Well, As per Rebecca Shockley, Global Research Leader for Business Analytics at the IBM, “Big data is quite simply data that cannot be managed or analyzed by traditional technologies. So what is considered big data for one company may be different for another company. ‘Big’ doesn’t have to be really that big; it’s just bigger than what you’re used to dealing with.”
For the past few years, Big Data is the biggest buzzwords around and that forced the companies to think whether they should adopt it or not? Before just going into deep dive with Big Data, let’s try to analyze below questions:
1. Has your company recently launched new product across multiple regions like mobile or television and your company is excited to canvass the feedback of these products being used in target audience?
2. Your company already has lots of products in its inventory but not sure about how to reach new customers/prospects or how sales figure can be improved for the products which are idle in inventory for quite few weeks or months.
3. You are associated with a telecom company and marketing head is worried about the customers’ attrition in past few months and so you need to precisely analyze the customer churn. You would have to exactly analyze your clients’ preferences, call drop rates and sentiment analysis etc. to provide better customer satisfaction.
4. You are a large financial service company and want to proactively analyze any fraudulent transactions in credit/debit cards.
5. You are a large fitness chain of health clubs and want to analyze the fitness data generated from various connected and wearable devices to provide members’ better personalized recommendations regarding their health, diet plan etc.
These are few of the examples which are having potential use cases for big data.
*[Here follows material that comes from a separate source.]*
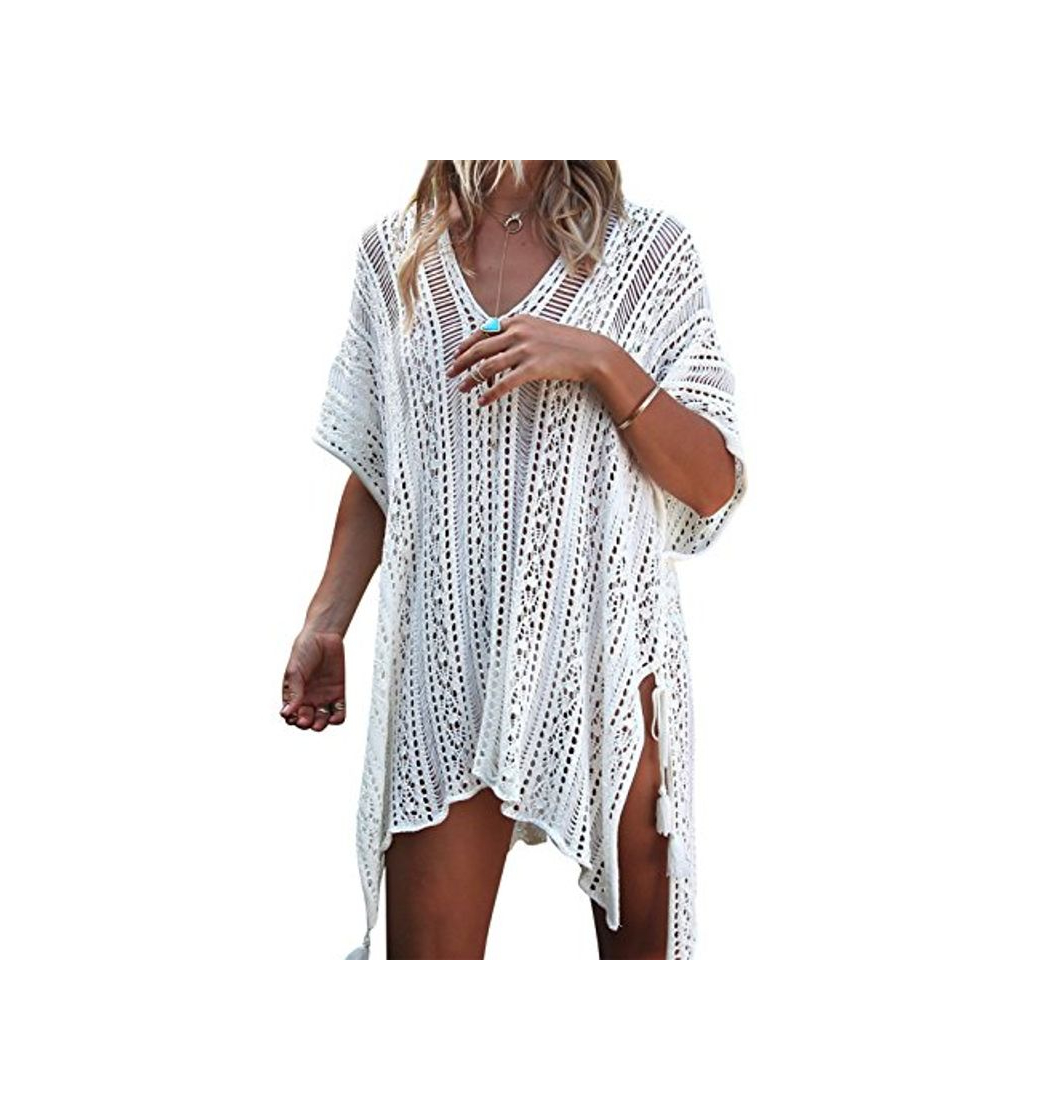 Moda EDOTON Mujer Camisolas Playa Ganchillo Ropa de Baño Encubrimientos Bikini Cover Up Verano Tunica Vestido de Playa Ropa de Baño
If your company is also having some similar scenario, then there might be chances your company is already addressing big data otherwise it is the high time to consider big data solutions to gain better sales figure, reaching out to new customers and provide increased customer satisfaction.
Why Big Data matters a lot for Business?
"The goal is to turn data into information, and information into insight." – Carly Fiorina, former chief executive of HP.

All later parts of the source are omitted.